● ENTRIES SUPPLIED:
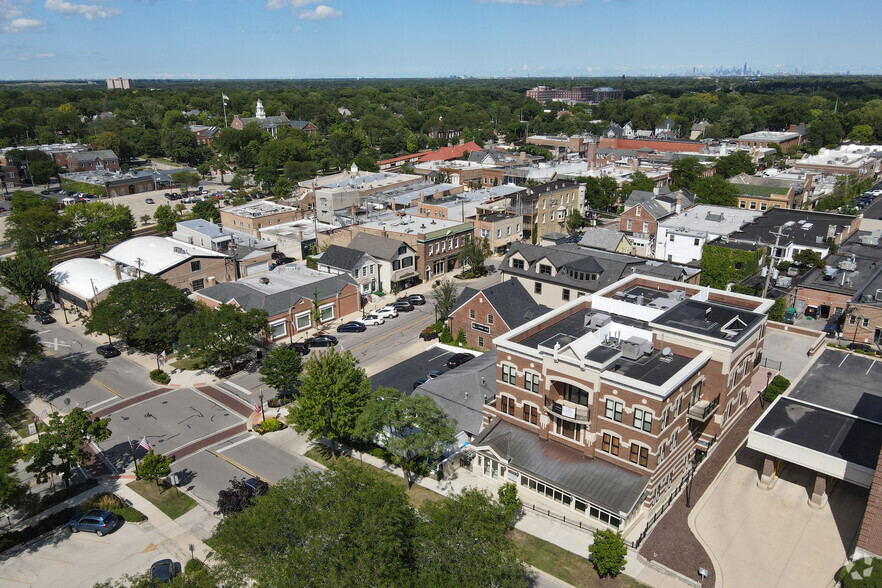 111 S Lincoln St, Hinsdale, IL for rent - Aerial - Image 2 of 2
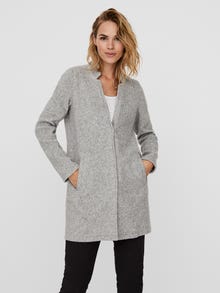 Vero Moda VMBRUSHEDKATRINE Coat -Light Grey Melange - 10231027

==

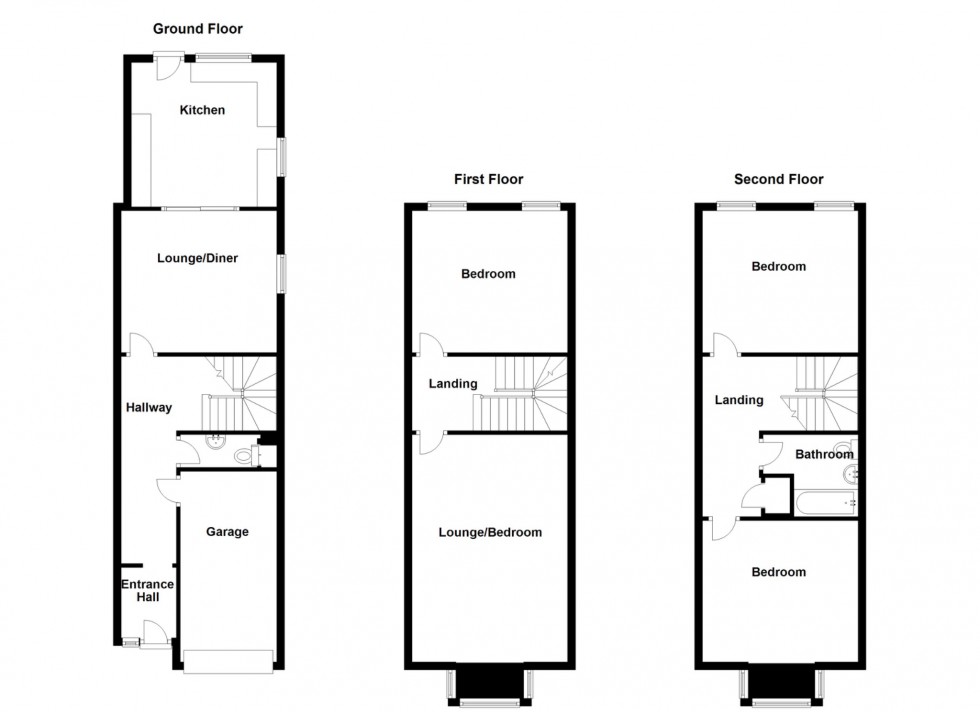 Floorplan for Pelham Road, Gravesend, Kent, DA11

* * *

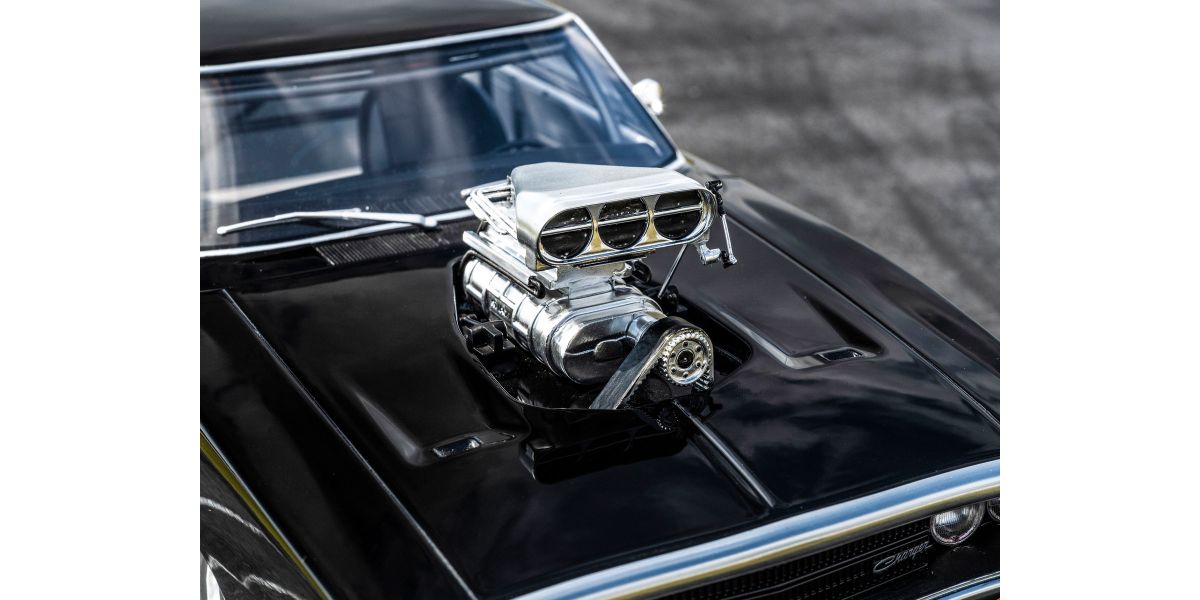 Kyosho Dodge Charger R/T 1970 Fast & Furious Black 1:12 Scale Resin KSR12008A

● YOUR TASK: Using the material above, transcribe exactly the lines from the one holding "111 S Lincoln" to the one holding "Vero Moda VMBRUSHEDKATRINE", both ends kept. Do not carry over any pictures.

● OUTPUT FOR THIS TASK:
 111 S Lincoln St, Hinsdale, IL for rent - Aerial - Image 2 of 2
 Vero Moda VMBRUSHEDKATRINE Coat -Light Grey Melange - 10231027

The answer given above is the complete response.